Open Up the Platform!

News is now spreading across blogs that Apple has finally approved Opera Mini for the iPhone. (Need it? Get it for free in the iTunes store.)

So what does this hold for the future? In the short term, I hope this means Firefox for the iPhone. I like Firefox, and I’ve been hoping to see an iPhone version for some time. For the long term, does this mean that Apple is changing its stance on apps?

For those who don’t know, Apple has officially been opposed to apps that duplicate core iPhone functionality.
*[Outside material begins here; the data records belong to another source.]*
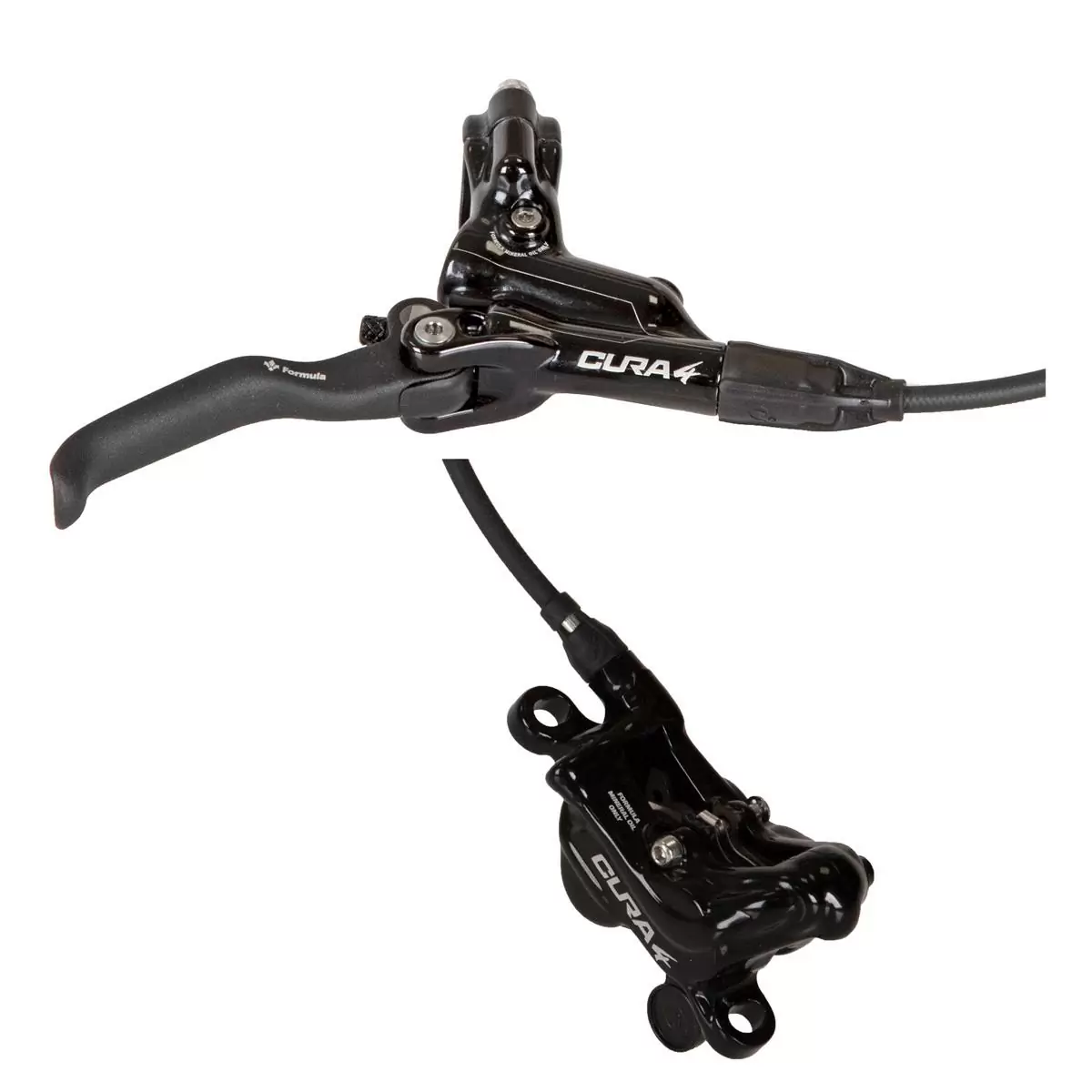 ridewill4020994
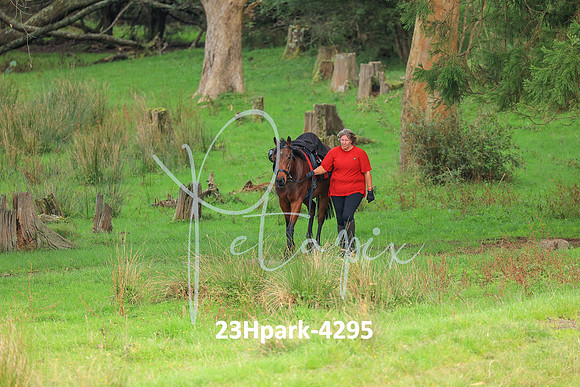 23Hpark-4295
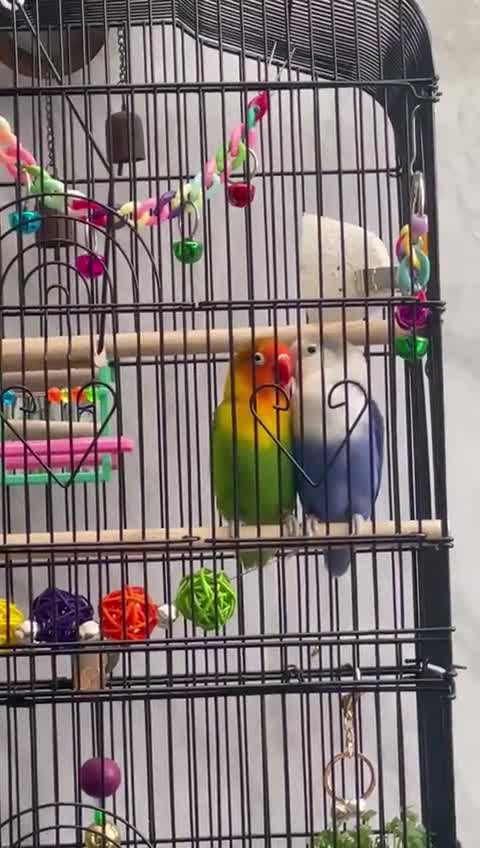 Lovebirds birds for sale: Breeding pair of lovebirds  - Video 1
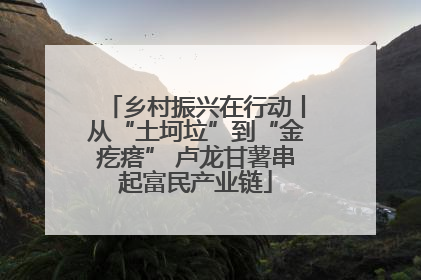 乡村振兴在行动丨从“土坷垃”到“金疙瘩” 卢龙甘薯串起富民产业链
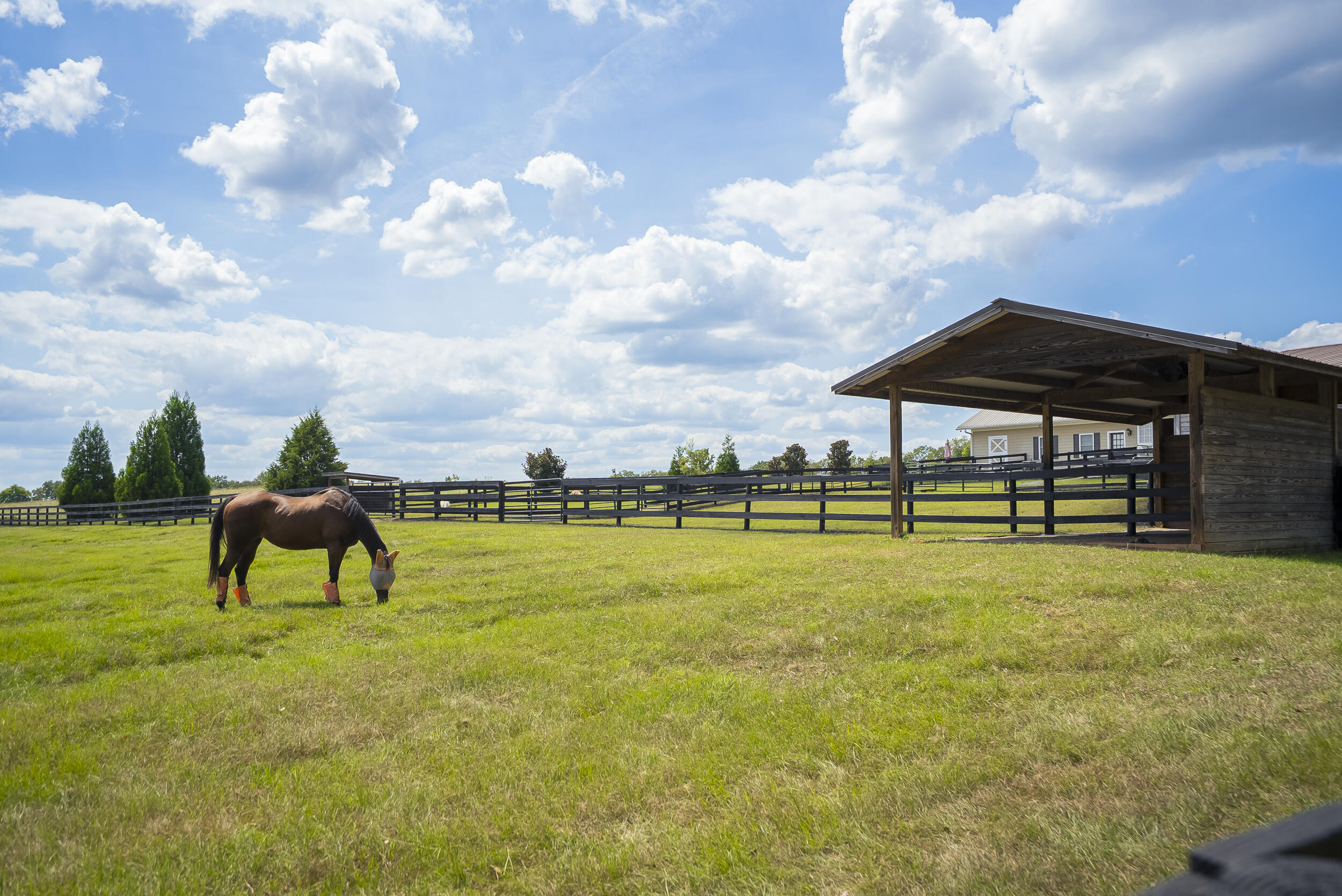 1165 Estancia Lane, Wagener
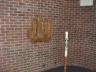 thm_PICT2231.jpg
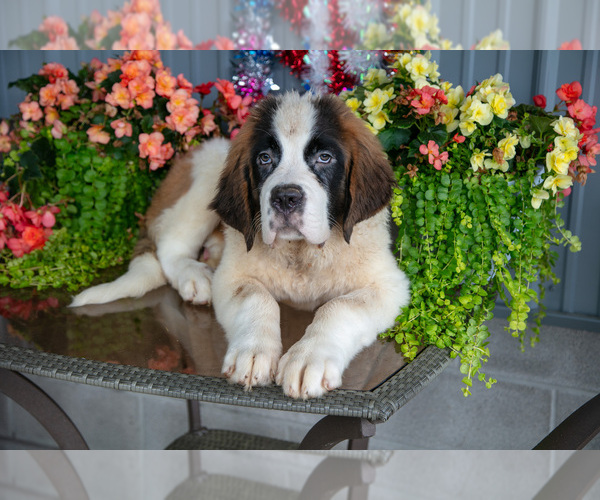 Medium Photo #22 Saint Bernard Puppy For Sale in WEST FARMINGTON, OH, USA
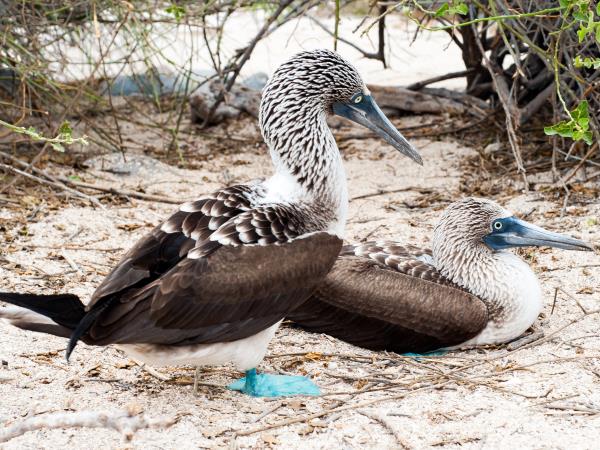 Galapagos luxury wildlife cruise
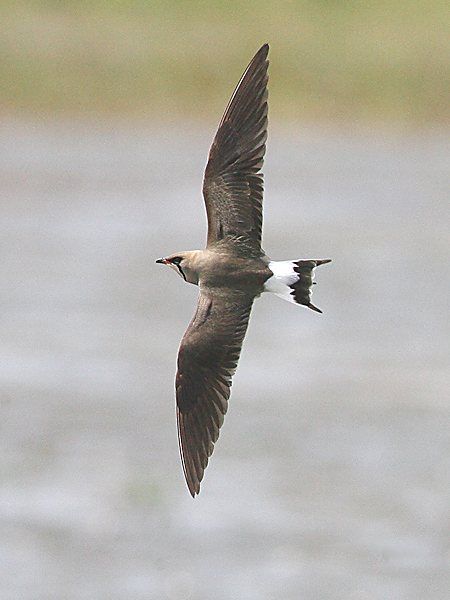 Oriental Pratincole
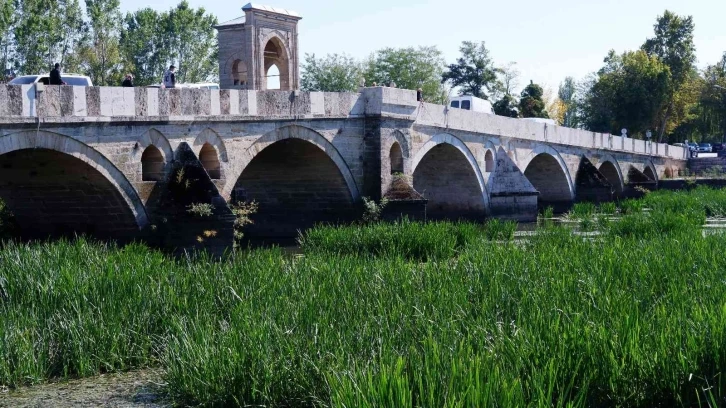 Kuraklıkla karşı karşıya kalan Tunca Nehri ot ve sazlıklarla kaplandı
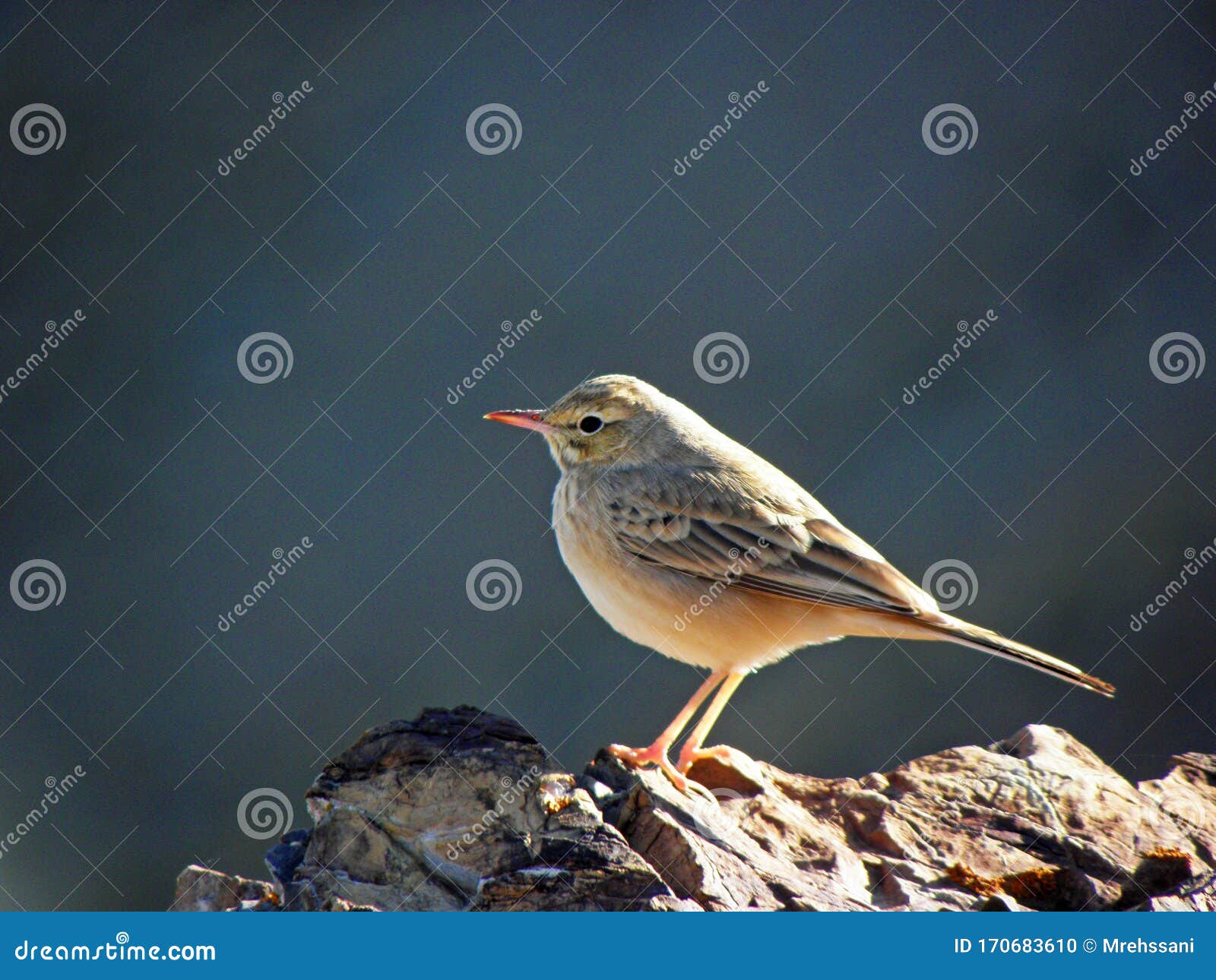 the tawny pipit anthus campestris sitting on rock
That has been interpreted to mean that since the iPhone has a built-in e-mail client, you can’t make another one for it. Since the iPhone has a built-in telephone application, you can’t make another one for it. Since the iPhone has a built-in web browser . . . well . . . you get the picture.

Given all that history, the fact that the Opera Mini web browser is now available for the iPhone, could be huge. Or it could be nothing. At the very least, it could be a sign of Apple opening the door for some changes. However, as many developers have experienced, Apple can slam doors just as quickly as it opens them.

I’ve played around with Opera Mini, and I’m not impressed yet even though I like the tabs. Opera Mini actually seems a little slower than Safari on my phone, although others are experiencing better results. Faster or slower though, I hope that Opera’s approval by the App Store reviewers bodes well for things to come.

One Toolbar Too Many

I ran across a strange problem today. The computer at the reference desk couldn’t access our SharePoint server using just the server name, but it could access it if we used the full hostname. I saw this problem with all of our computers during the initial setup, and I solved this problem by adding a public URL as outlined here.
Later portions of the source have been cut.